The Prime Minister, who also intervened, responded that the ecological transition as it stands cannot be implemented. This was a direct message to Brussels, especially as a trusted ally of the Italian government, Raffaele Fitto, takes the seat of Executive Vice President of the European Commission.
After all, it was President Ursula von der Leyen herself who suggested, when presenting her new European government, that the air had changed. The air, the one we all wish were cleaner, in terms of governance guidelines from the dismal past five years. The Green Deal as the cornerstone of the past administration’s vision needs to be revised. Less rigidity, less dirigisme, less centralization, less radical environmentalism. These are not mere whims of populists or sovereignists.

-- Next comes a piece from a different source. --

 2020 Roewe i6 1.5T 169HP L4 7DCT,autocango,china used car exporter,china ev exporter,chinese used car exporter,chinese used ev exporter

The German automotive industry, one of the most important on the planet, is in crisis and is closing down electric vehicle production plants. In the spring, farmers had blocked Europe because they could not sustain the costs of sustainability. Those of us who have deeply studied Italian SMEs know that the supply chains of companies sustaining a territory, numbers in hand, have doubts and concerns.
Meloni, who needs to find 25 billion euros to finalize the budget law by Christmas, has made it clear to our industrialists that excessive state incentives are currently not on the table. In short, the transition has partially halted. On one hand, there is the need for new industrial models to reduce pollution and save a wounded Earth; on the other hand, Eurozone economies need more time, more support, and fewer paradoxical regulations to achieve this process.
What will happen? Beyond the imminent deadlines, which will be defused, the way forward is as Draghi indicated: for decarbonization, Europe needs to take on more common debt. A sort of Green Recovery Fund. This, despite the hardliners and the intransigent (and selfish) countries. If things continue as they are, there might soon be no more doves, in every sense of the term.